Ambient backscatter communication (AmBC) enables a passive backscatter device to transmit information to a reader using ambient RF signals, and has emerged as a promising solution to green ...Internet-of-Things (IoT). Conventional AmBC receivers are interested in recovering the information from the ambient backscatter device (A-BD) only. In this paper, we propose a cooperative AmBC (CABC) system in which the reader recovers information not only from the A-BD, but also from the RF source. We first establish the system model for the CABC system from spread spectrum and spectrum sharing perspectives. Then, for flat fading channels, we derive the optimal maximum-likelihood (ML) detector, suboptimal linear detectors as well as successive interference-cancellation (SIC) based detectors.
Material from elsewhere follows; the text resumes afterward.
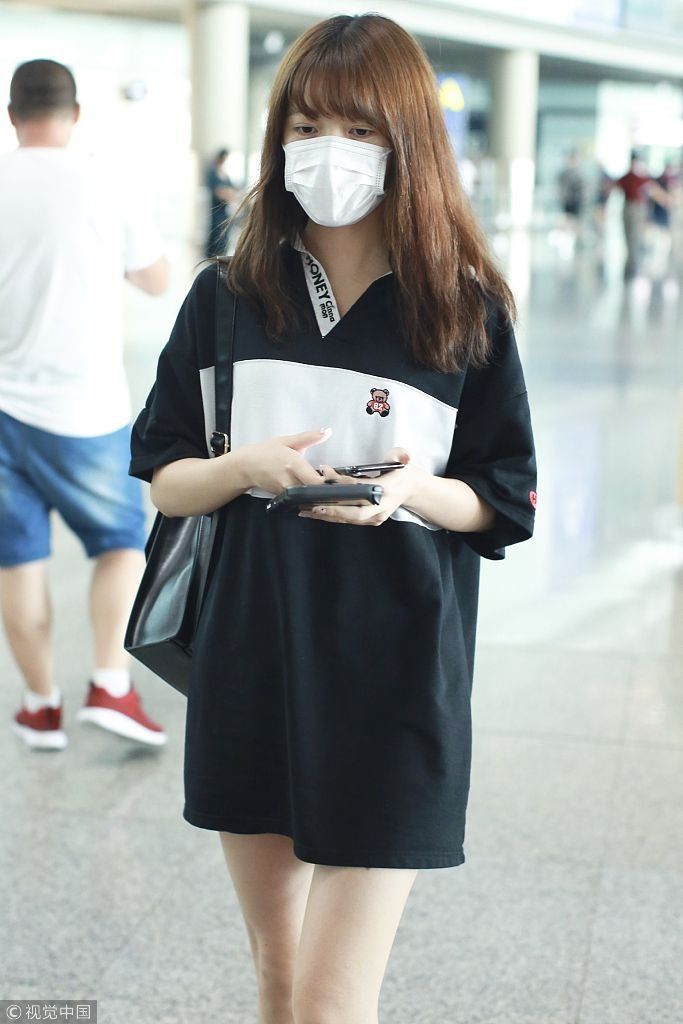 女大十八变！徐娇玩下衣失踪秀筷子腿 戴口罩长发飘飘少女力max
For frequency-selective fading channels, the system model for the CABC system over ambient orthogonal frequency division multiplexing carriers is proposed, upon which a low-complexity optimal ML detector is derived. For both kinds of channels, the bit-error-rate expressions for the proposed detectors are derived in closed forms. Finally, extensive numerical results have shown that, when the A-BD signal and the RF-source signal have equal symbol period, the proposed SIC-based detectors can achieve near-ML detection performance for typical application scenarios, and when the A-BD symbol period is longer than the RF-source symbol period, the existence of backscattered signal in the CABC system can enhance the ML detection performance of the RF-source signal, thanks to the beneficial effect of the backscatter link when the A-BD transmits at a lower rate than the RF source.